Autorin: Annemarie Golser, terzExpertin

Geprägt von der extrem patriarchalischen Familienstruktur, war es ganz selbstverständlich, dass Hilda, als Älteste der grossen Kinderschar, der Mutter zur Hand ging. Zu der Zeit, da ich als Patenkind in ihr Leben trat, hatte sie schon resigniert und den Gedanken an eine eigene Familie aufgegeben. Ich sah sie nie untätig. Immer beugte sie sich über eine Arbeit, die sie gewissenhaft und zuverlässig ausführte. Stets aber wirkte sie verschlossen, freudlos. Sie liess mich auf behutsame Weise an ihrem Schicksal teilhaben und ich war stolz auf ihr Vertrauen.
Tante Friedy war für mich die gütige Märchenfee schlechthin, rundlich, weich, heiter. Sie vermittelte Geborgenheit, lockte zum Anschmiegen. Auch sie habe sich in ihrer Jugend nur schwer damit abfinden können, unverheiratet zu bleiben. In ihrer Anstellung als Filialleiterin einer Reinigungsfirma mitten in der Stadt Bern, war sie in ihrem Element. Sie liebte den Umgang mit der Kundschaft mit lächelnder Gesprächigkeit. Die Einladungen zu den Aufführungen des Weihnachtsmärchens im Stadttheater, gehörten für die Nichten und Neffen zum Höhepunkt des Jahres. Gerne spielte Tante Friedy auf ihrer Zyther die Melodie: „Glücklich ist, wer vergisst, was doch nicht zu ändern ist“. Sie hat diese Weise wohl zu ihrem Lebensmotto gemacht.

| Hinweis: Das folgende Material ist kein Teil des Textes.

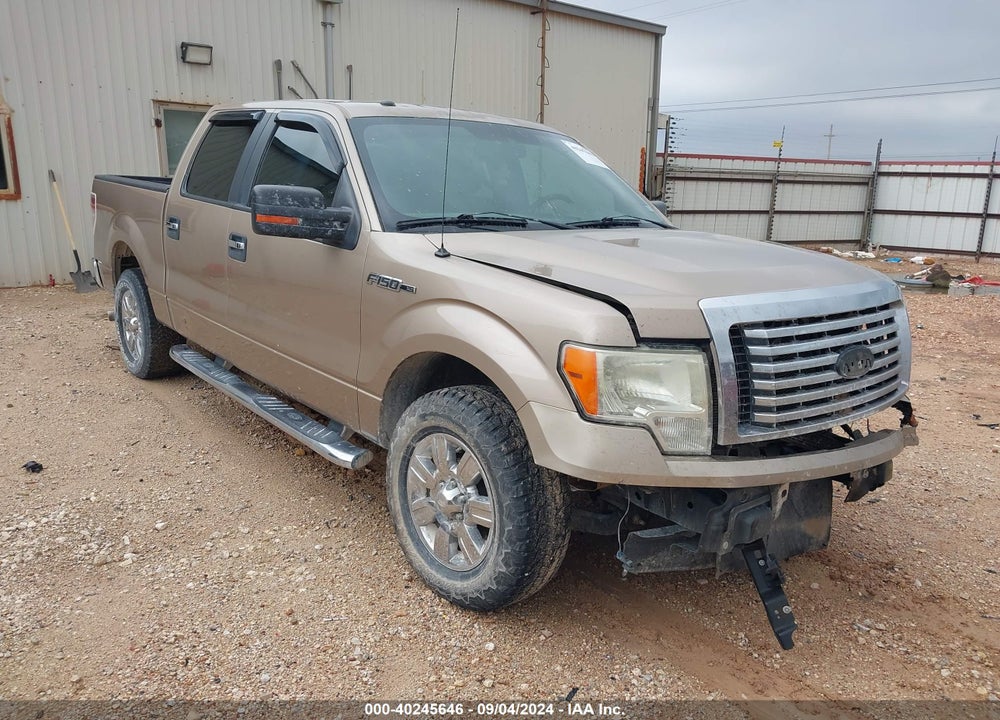 2011 FORD F-150 XLT VIN: 1FTFW1CF1BKD99877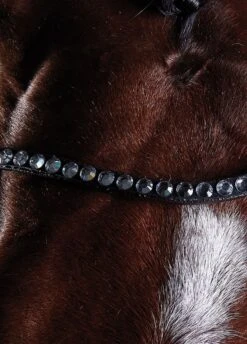 Collegiate Comfitec Crystal Training Bridle - Brown -Equi Guard Horse Shop collcrystal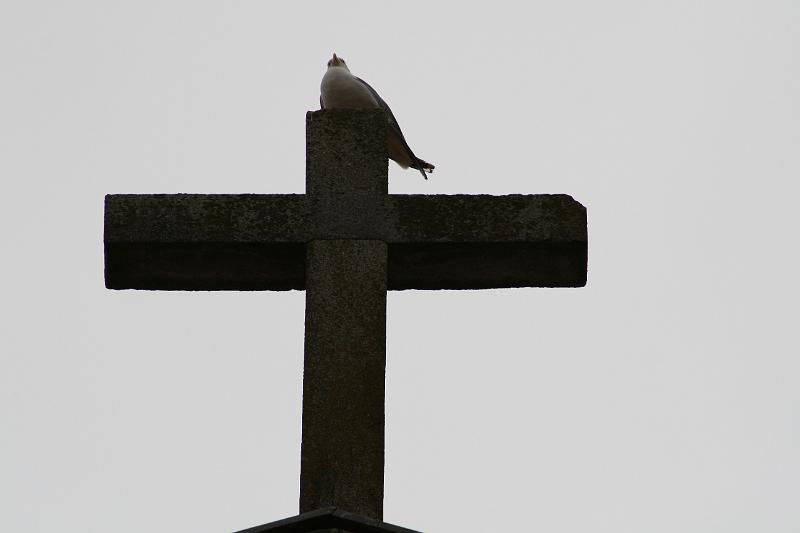IMG_1163.JPG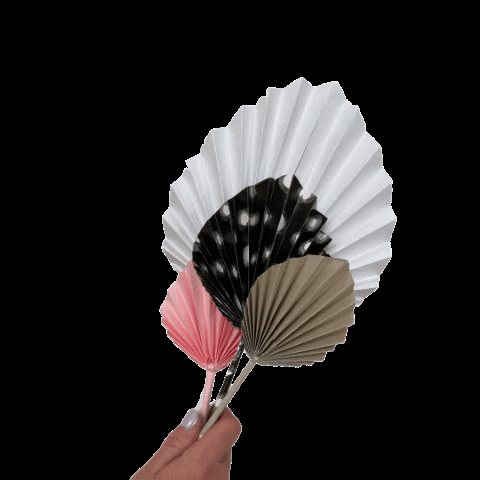 Studiocooliejoelie GIF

Tanten: ein verschwindender Ehrentitel

Tanten: ein verschwindender Ehrentitel

Geheimnisumwitterte Liebesbeziehung
Das „Nesthäkchen“ Dora profitierte von der grösseren Milde in der Erziehung. Ihr Lebensstil unterschied sich wesentlich von demjenigen ihrer Geschwister. Sie durfte ins Ausland reisen, Sprachen lernen. Sie spielte Tennis, bemalte Porzellan, erwarb noch in späteren Jahren den Führerschein. In berührenden Notizen aus ihrem Nachlass offenbarte sich uns erst nach ihrem Tode die Tiefe und Tragik einer geheimnisumwitterten Liebesbeziehung.
Die verwandtschaftlichen Bezeichnungen, die als Ehrentitel galten, gibt es heute zum Teil nicht mehr. Keinem Kind wäre es früher in den Sinn gekommen, Eltern und Grosseltern mit dem Vornamen zu benennen. Onkel und Tanten haben nur noch rechtlich eine Bedeutung. Meine drei unverheirateten Tanten verwöhnten uns Nichten und Neffen mit liebevoller Mütterlichkeit. Sie beglückten mich nicht nur mit Silberbesteck und Kristallvasen, sie schenkten mir ihr Herz.